November 12, 2021
GBP/USD: The Great Britain pound fell against the US dollar on Thursday, reaching its lowest level this year as the UK economy lost momentum and a surge in US inflation boosted the greenback amid bets that the Federal Reserve would hike interest rates faster than expected. Data released by the Office for National Statistics showed Britain’s economy grew in September but estimates for previous months were revised lower, leaving the economy still smaller than it was last year in February. The Bank of England at the November policy meeting surprised markets by leaving its key interest rate unchanged at 0.1% while most members of The Monetary Policy Committee had been advocating for the rate hike. Nevertheless, markets are now pricing in a high probability of a December rate increase.

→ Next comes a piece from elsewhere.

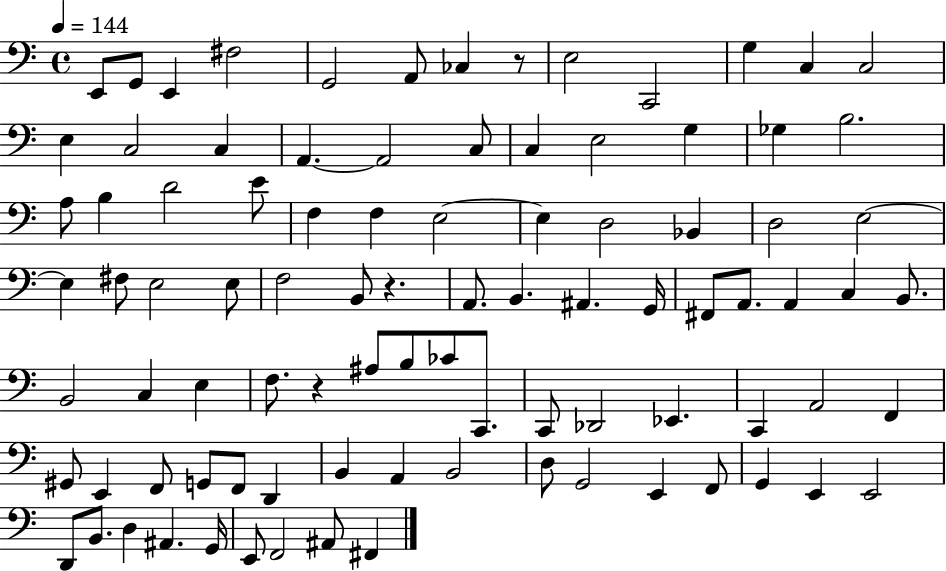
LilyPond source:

USD/JPY: The US dollar rose against the Japanese Yen yesterday due to the general greenback strength. Previously, the wholesale inflation in Japan hit a four-decade high in October due to rising commodity prices and supply issues, according to government data. Bank of Japan policymakers admitted inflationary pressure was rising due to higher energy prices. However, they said the pressure was moderate and saw the need to maintain ultra-easy policy. The pair may keep it momentum from a US rate hike hints and developing news from China’s property sector. The local resistance level can be seen at 114.40. A breakout to the upside can trigger growth to 114.90.
XAU/USD: Gold prices rose on Thursday and neared a five-month high touched in the previous session. Investors have sought inflation hedges that traditionally support prices on precious metals. Generally, US dollar strength has not been an excuse for the rising yellow metal. Furthermore, the US 10-year Treasury yield rose above 1.50%, which could usually cause pressure on gold prices. However, real yields are the main driver for gold. It’s worth recalling that the real yield is the difference between the US 10-year Treasury yield and the country’s inflation. And as of November 10, the real yield sits at a negative value of 1.85%. As long as real yields keep falling, gold will be maintaining its uptrend.